All of these equations were written incorrectly, and in all but equation (4), these "misprints" caused him to make incorrect calculations that inflate uncertainties by a significant margin. 

SEM and 1/sqrt(N)

And this is not the end of the errors and oversights in this paper. There is more going on here that's wrong. For instance, increasing the number of values (N) should decrease uncertainty. The more values you average, the less the uncertainty in the mean. Frank does not calculate SEM with a 1/sqrt(N) term. Frank's reasoning for not including this appears to be

Correlated and non-normal systematic errors violate the assumptions of the central limit theorem, and disallow the statistical reduction of systematic measurement error as 1/√𝑁.

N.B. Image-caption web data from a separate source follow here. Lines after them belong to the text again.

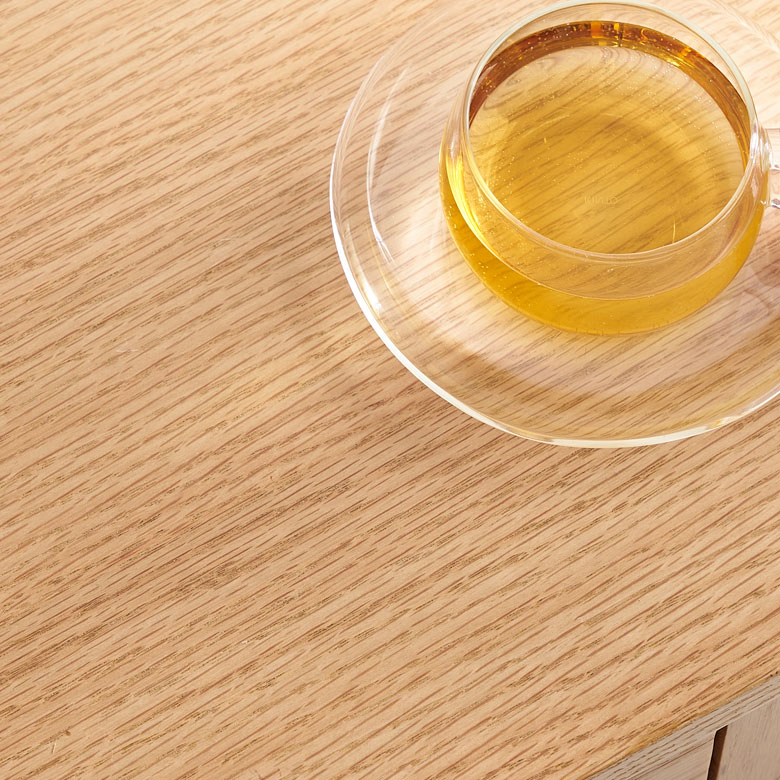 天然オークの無垢材使用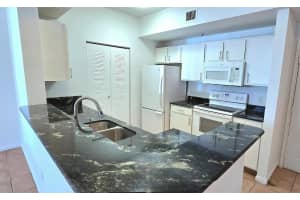 1000 Scotia Drive 106, Hypoluxo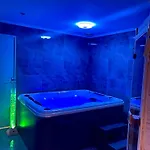 Maison Privative Jacuzzi Sauna Salle De Jeux Prázdninový dům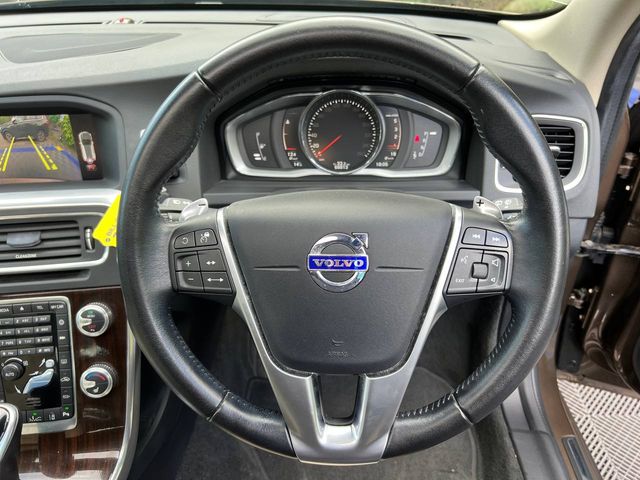 Image for 2017 Volvo V60 CROSSCOUNTRY 2.0 D AUTO // FULL SERVICE HISTORY // OPENING SUNROOF // LEATHER POWERED & HEATED SEATS 
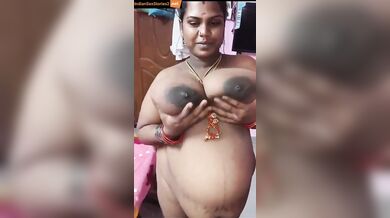 Tamil housewife showing her real tanker boobs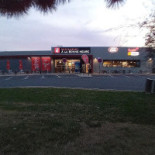 A La Bonne Heure outside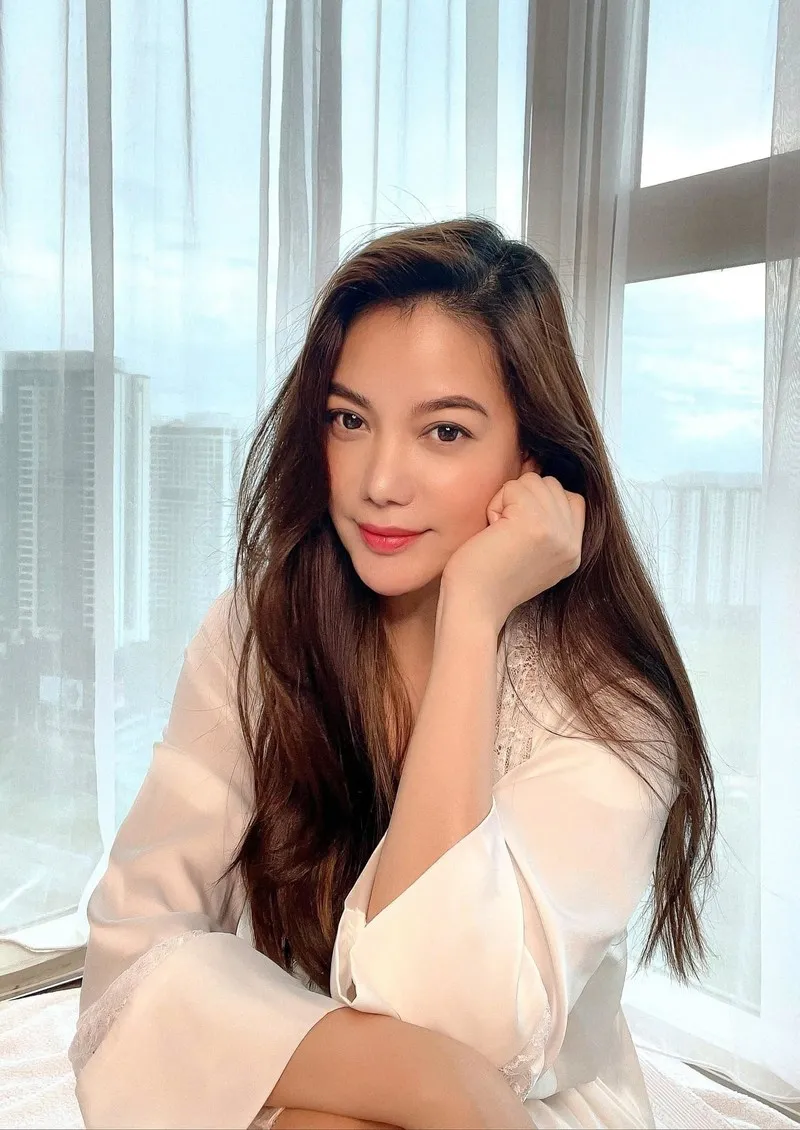 truong-ngoc-anh-len-tieng-chuyen-ban-trai-qua-lai-voi-dan-em-8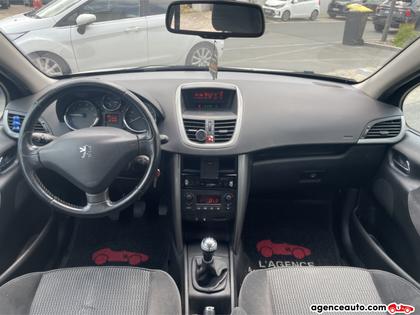Peugeot 207 - 1.6 Vti 120cv Prenium Pack - Distribution a chaine - 3 990 €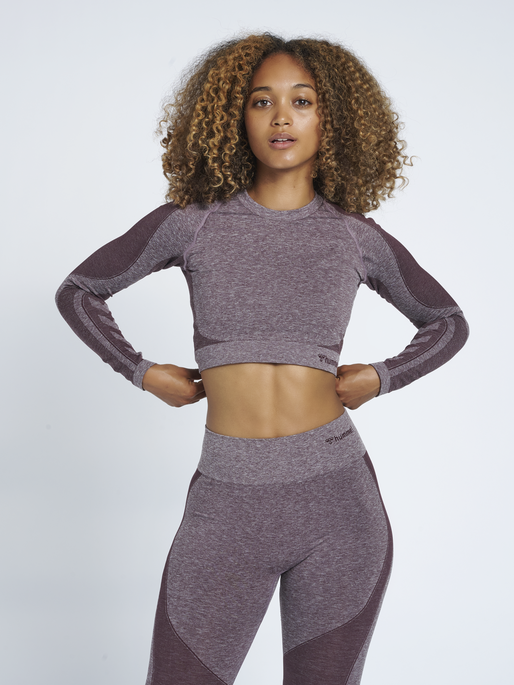 hmlKADY SEAMLESS T-SHIRT L/S, 8035, model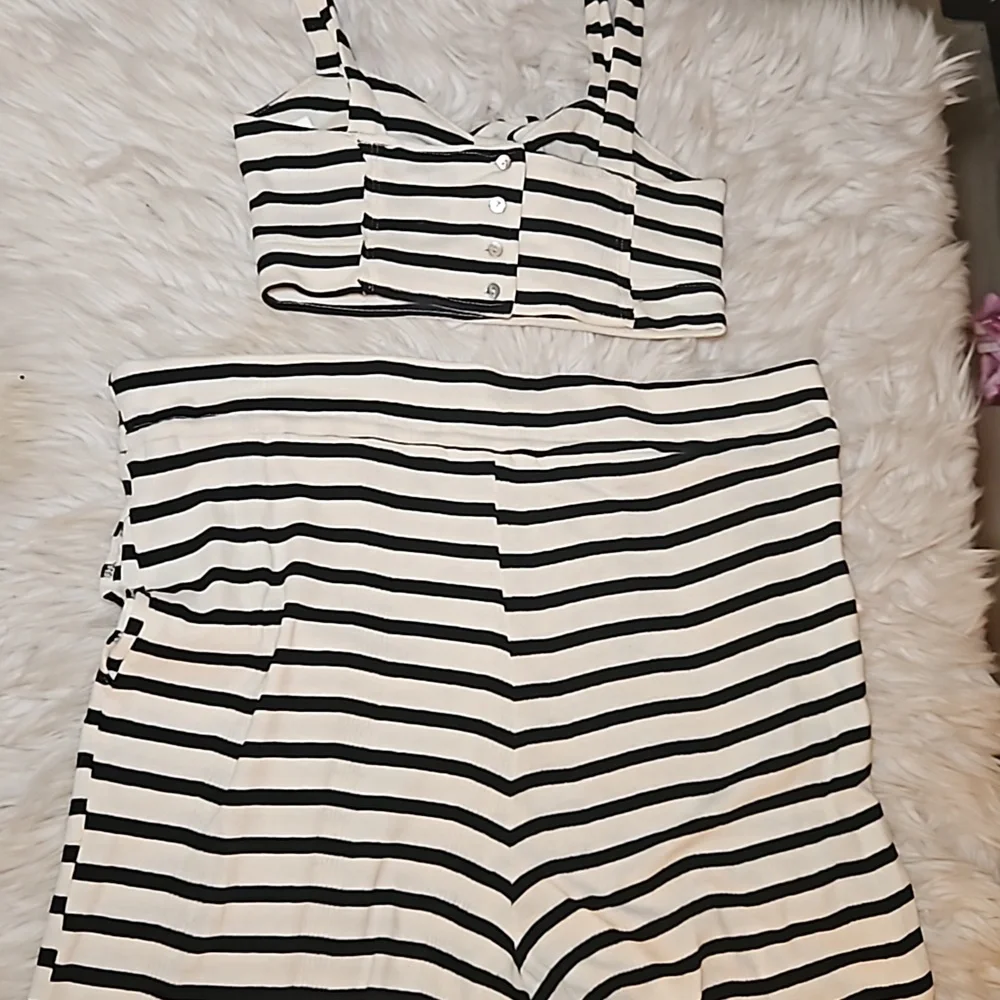 **Free People “Bon Voyage” Stripe Set – Size Medium (Top & Pants)**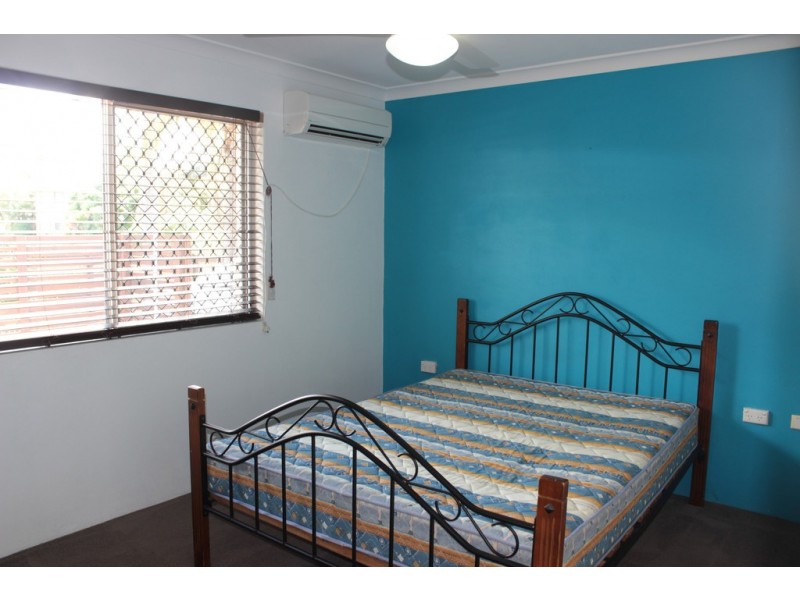1/15 Carinya Drive, Clinton QLD 4680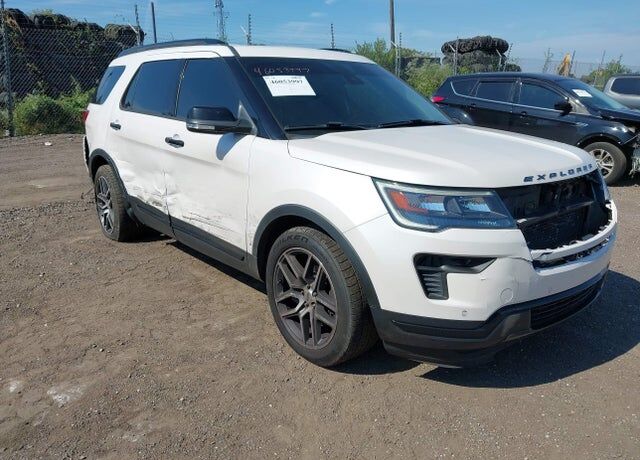 2018 FORD Explorer
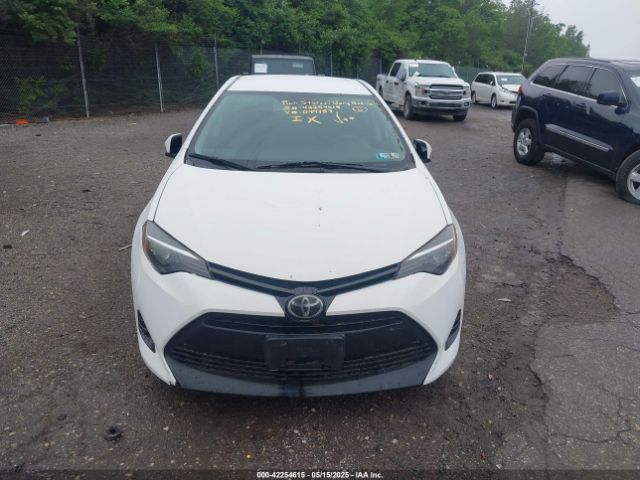 2T1BURHE8JC099157 Toyota COROLLA LE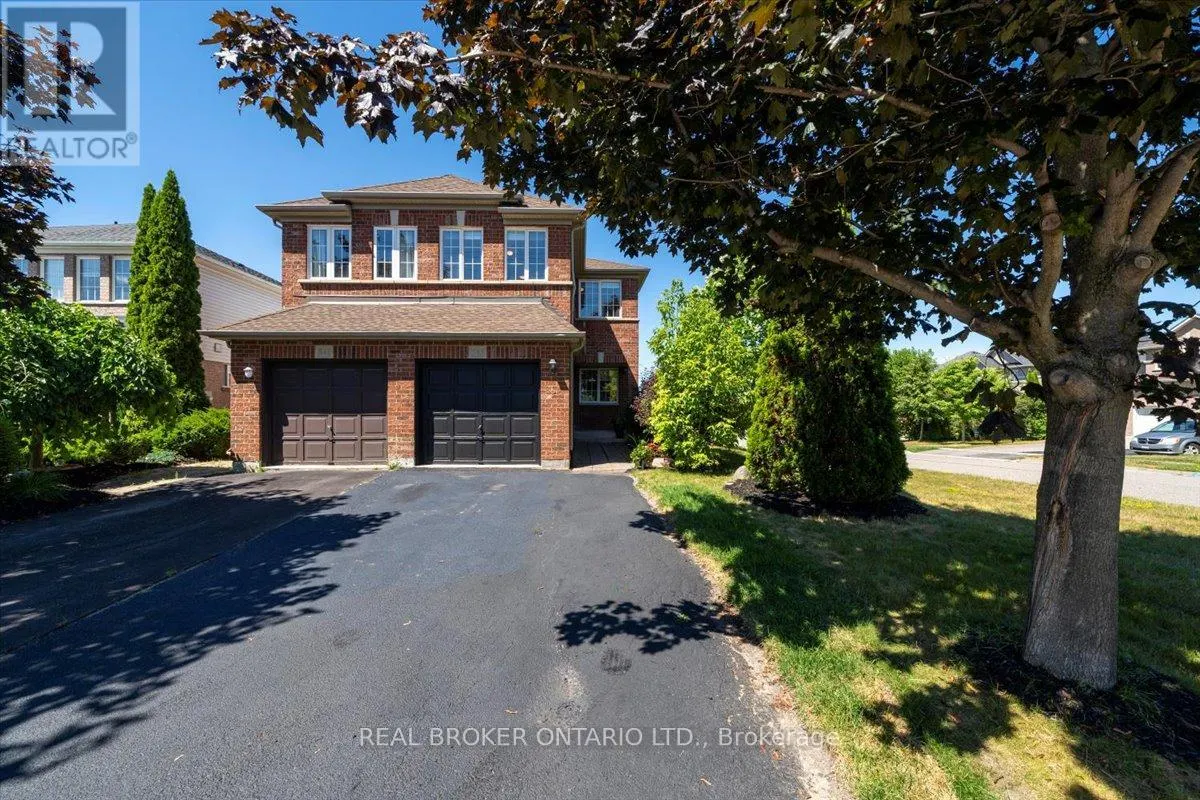 543 HEDDLE CRESCENT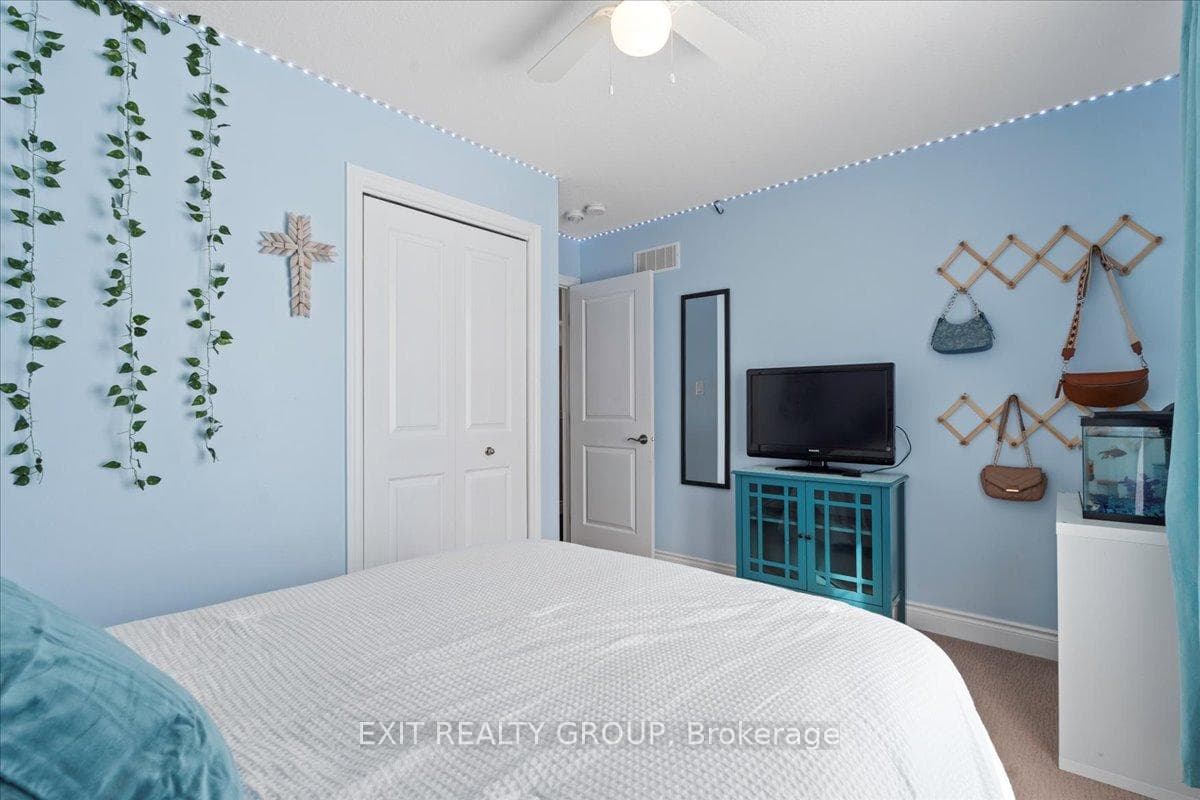 40 Kawartha Court photo 22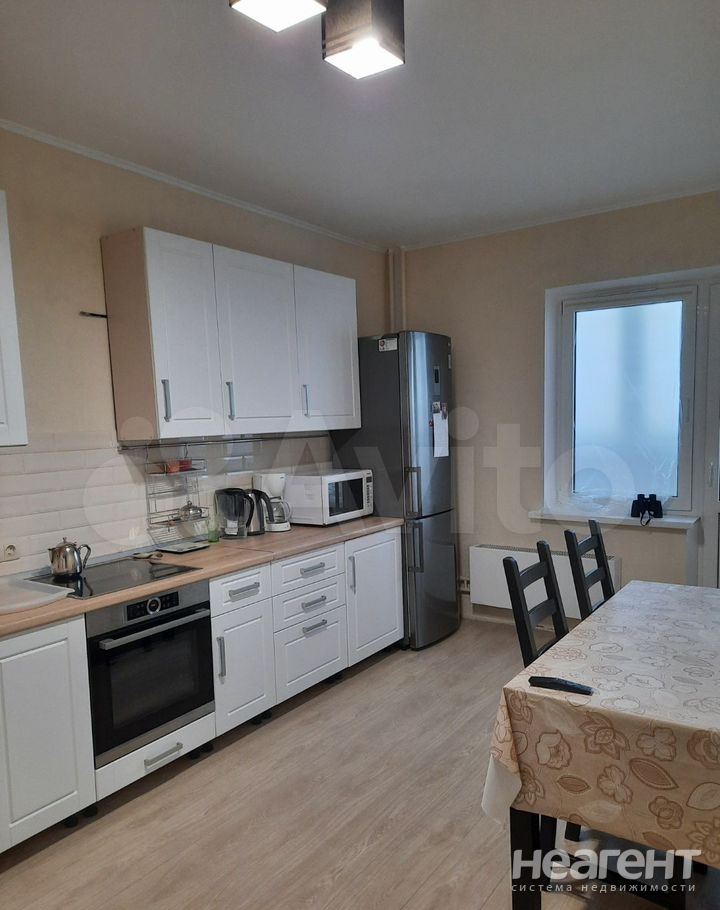 Продается 2-х комнатная квартира, 64 м²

But this is simply false. As has been clearly demonstrated many times, averaging multiple values increases the precision of the average. This is something you can test for yourself. Take 100 values accurate to 2 decimal places. Then duplicate those values except round them to 1 decimal place. Then average both sets of 100 values. You'll find the both averages are similar to each other, and if you do the same with 1000 values, they will be even closer . This is because while rounding introduces error, the error is random - about half add to the mean and about half subtract from the mean, so the more values you average, the closer the two columns will agree. Since averaging cancels out much of the random error, the loss of precision where N=100 scales by σ/sqrt(100).

Systematic errors are also accounted for and quantified, and bias correction reduces their impact in all modern GMST datasets. Biases also work in both directions and can cancel each other out. If one bias adds 0.1°C to a value and two other biases subtract 0.05°C, their net effect is essentially 0. Bias correction makes the net effect of all biases small. There are numerous papers quantifying biases and correcting them to remove their impact on temperature trends. There is no justification for removing the 1/sqrt(N) term from the SEM. Uncertainties of GMST anomalies are dominated by sampling issues, not by instrumental error. Because Frank neglected to calculate SEM, his uncertainty estimates are going to be way too high even after making the above corrections to his equations. 

And Skeptical Science observes that Frank has also not properly accounted for covariance in these calculations, which would introduce a 2ab*σab term into his equation. The Skeptical Science article observes that one reason why scientists use anomalies is to reduce this uncertainty.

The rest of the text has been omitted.